** THE RECORDS follows **

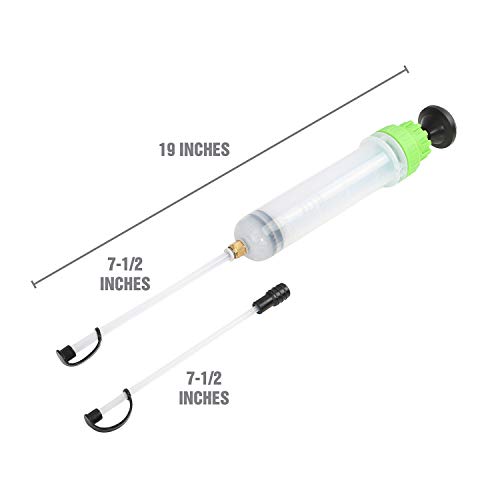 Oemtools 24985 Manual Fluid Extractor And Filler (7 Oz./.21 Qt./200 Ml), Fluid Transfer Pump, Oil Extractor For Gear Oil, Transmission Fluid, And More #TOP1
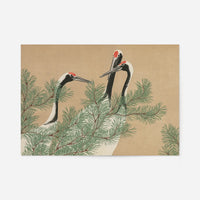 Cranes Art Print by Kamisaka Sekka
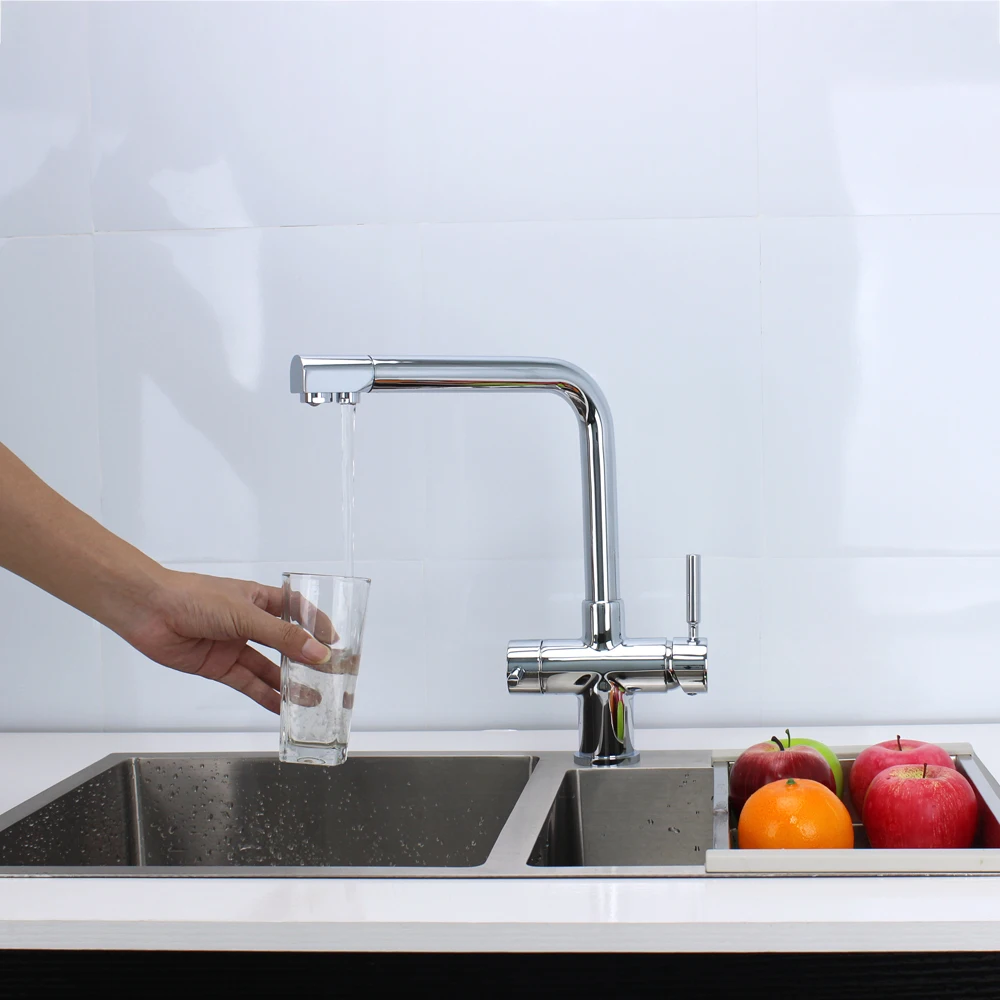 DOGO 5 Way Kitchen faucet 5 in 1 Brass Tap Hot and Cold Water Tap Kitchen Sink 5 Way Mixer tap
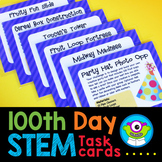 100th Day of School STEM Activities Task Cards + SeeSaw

** End of THE RECORDS **
** THE RECORDS follows **

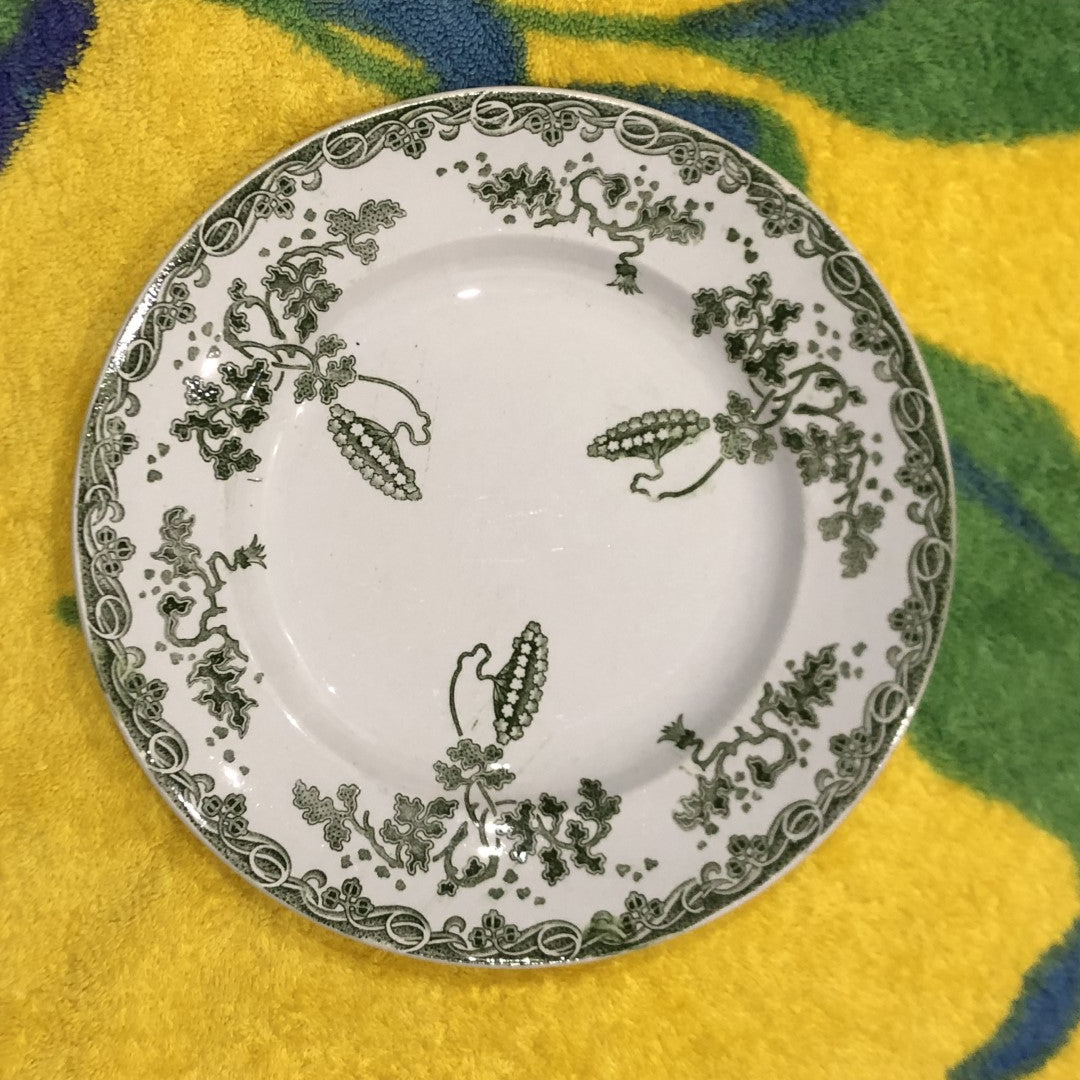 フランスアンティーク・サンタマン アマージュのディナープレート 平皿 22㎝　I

** End of THE RECORDS **

» TASK TO COMPLETE
From the line holding "Oemtools 24985 Manual" to the line holding "100th Day of", both included, retype the entries above exactly and drop the pictures.

» ANSWER SPACE
 Oemtools 24985 Manual Fluid Extractor And Filler (7 Oz./.21 Qt./200 Ml), Fluid Transfer Pump, Oil Extractor For Gear Oil, Transmission Fluid, And More #TOP1
 Cranes Art Print by Kamisaka Sekka
 DOGO 5 Way Kitchen faucet 5 in 1 Brass Tap Hot and Cold Water Tap Kitchen Sink 5 Way Mixer tap
 100th Day of School STEM Activities Task Cards + SeeSaw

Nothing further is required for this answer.